- TASK OBJECTIVE -
Omit the pictures and return exactly the stretch of the material below from the line with "Том Кха с креветкой" through the line with "στο Ομόνοια-Krasava ΕΝΥ!".

- DATASET CONTENT -
== == ==

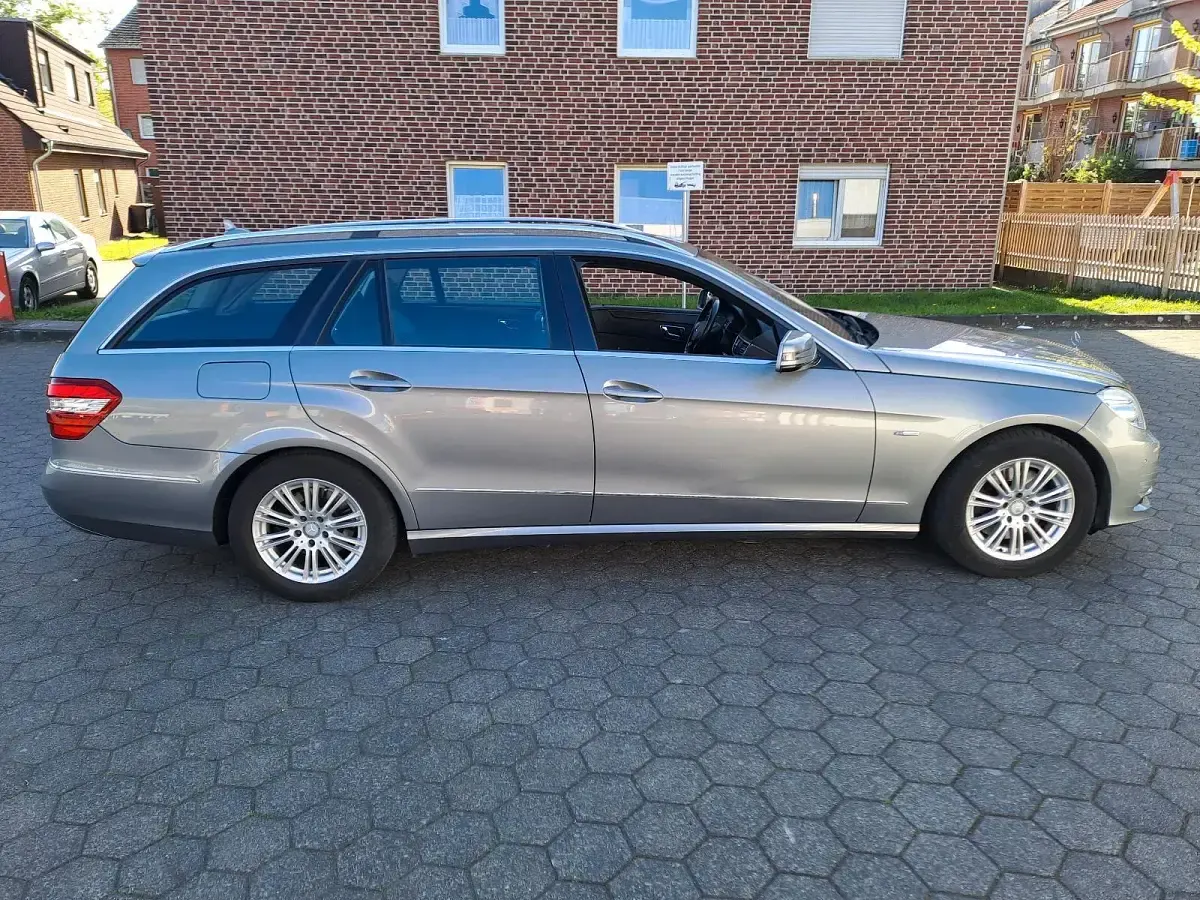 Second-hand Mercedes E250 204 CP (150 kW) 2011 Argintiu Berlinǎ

== == ==

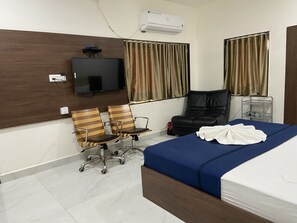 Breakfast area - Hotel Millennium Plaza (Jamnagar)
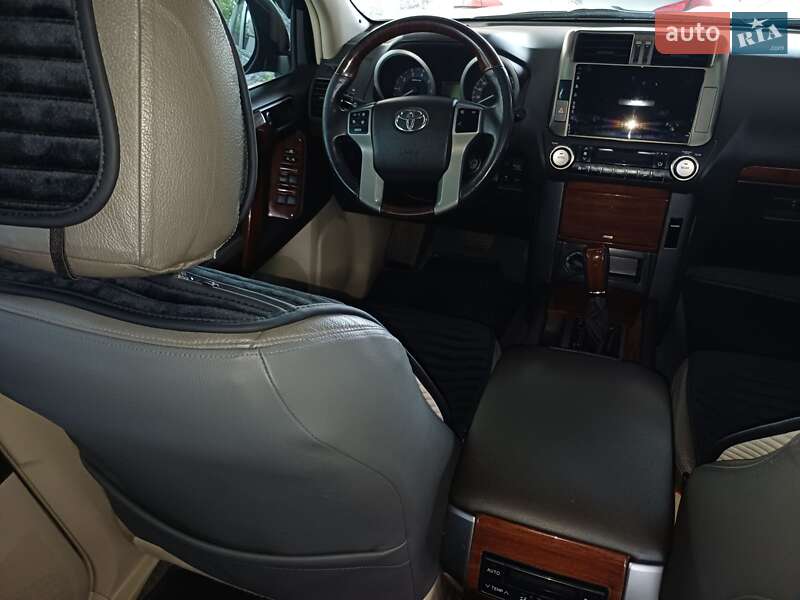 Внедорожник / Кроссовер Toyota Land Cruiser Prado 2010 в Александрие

== == ==

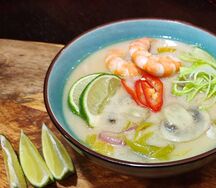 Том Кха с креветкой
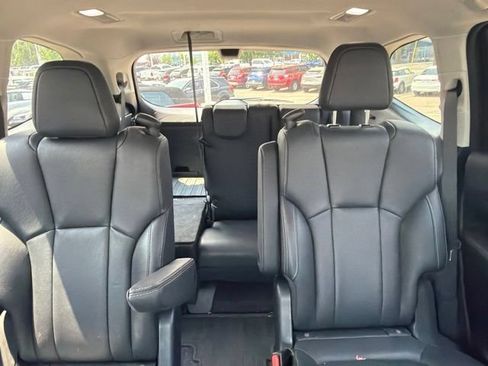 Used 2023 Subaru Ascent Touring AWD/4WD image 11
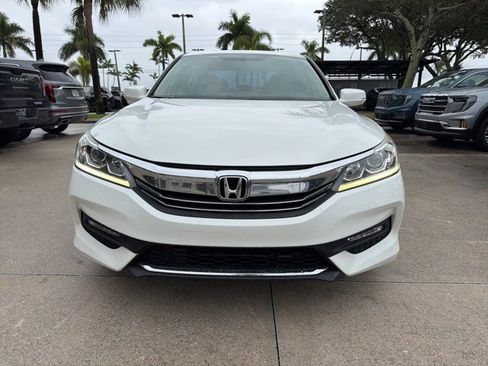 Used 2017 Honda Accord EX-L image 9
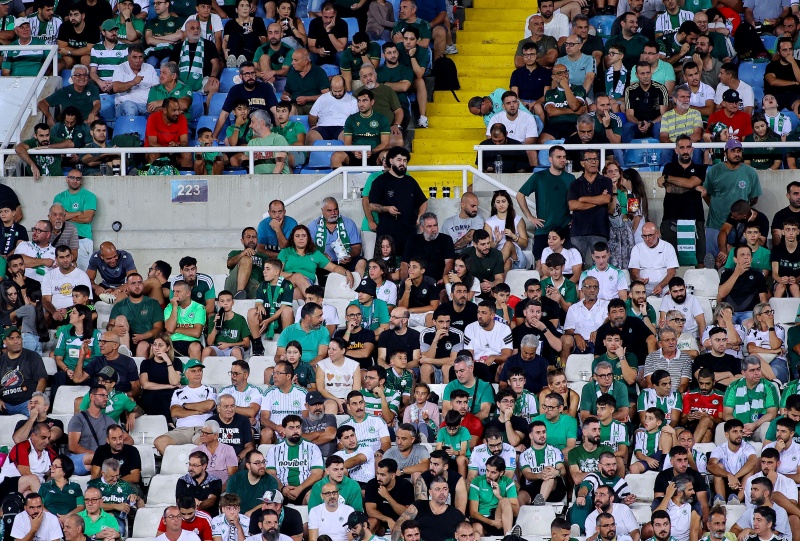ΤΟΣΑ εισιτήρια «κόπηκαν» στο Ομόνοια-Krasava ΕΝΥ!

== == ==

- OUTPUT -
 Том Кха с креветкой
 Used 2023 Subaru Ascent Touring AWD/4WD image 11
 Used 2017 Honda Accord EX-L image 9
ΤΟΣΑ εισιτήρια «κόπηκαν» στο Ομόνοια-Krasava ΕΝΥ!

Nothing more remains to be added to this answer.